À l’occasion des 70 ans du konpa direct, l’heure est à la célébration. Mais derrière les tambours et les hommages, une vérité dérangeante s’impose : le konpa stagne, l’HMI s’effrite, et la relève reste à la porte. Peut-on vraiment parler d’évolution quand la musique tourne en boucle ?
Soixante-dix ans d’existence. Une longévité rare pour un genre musical né d’une vision audacieuse, celle du saxophoniste et guitariste haïtien Nemours Jean-Baptiste. Pourtant, si le konpa a su traverser les décennies, il semble aujourd’hui englué dans une inertie inquiétante. Depuis dix ans, l’innovation est au point mort, les albums manquent d’ambition, les scènes se ressemblent, et les artistes recyclent plus qu’ils ne créent.

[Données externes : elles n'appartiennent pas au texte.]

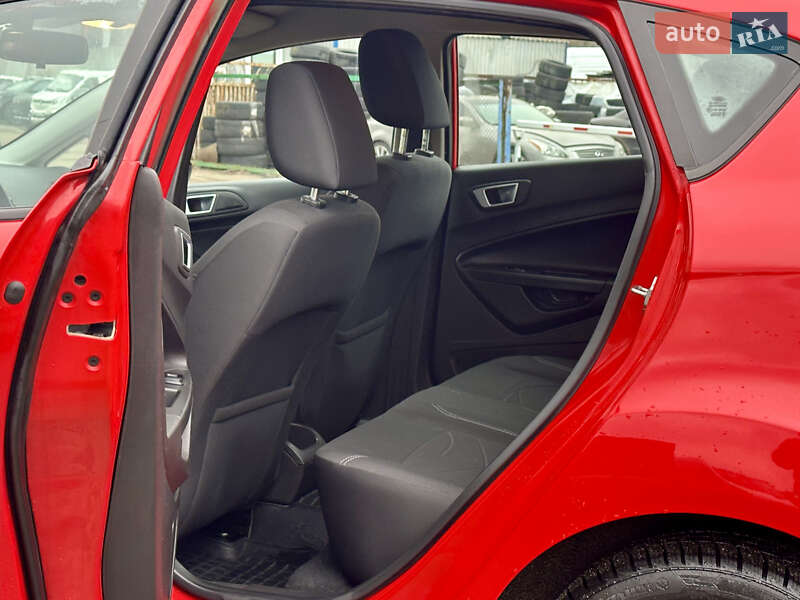 Хэтчбек Ford Fiesta 2013 в Киеве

L’industrie musicale haïtienne (HMI), au lieu d’unir les forces créatrices, est devenue un champ de divisions : égos surdimensionnés, querelles ridicules, « beefs » souvent stériles entre artistes ou groupes, boycotts silencieux et règlements de comptes sur les réseaux sociaux. Au lieu de bâtir un mouvement solide, on se replie sur soi. Le constat est amer : le konpa brille, mais ne rayonne plus.
Et pendant que les « grands noms » se disputent le micro, une génération entière reste bloquée aux coulisses. Les jeunes chanteurs, beatmakers, arrangeurs, danseurs… tous ces talents émergents sont souvent exclus d’un système fermé, saturé, qui valorise la notoriété plutôt que le potentiel. Pas de passerelles, pas de mentoring. L’héritage du konpa se transmet mal, voire pas du tout.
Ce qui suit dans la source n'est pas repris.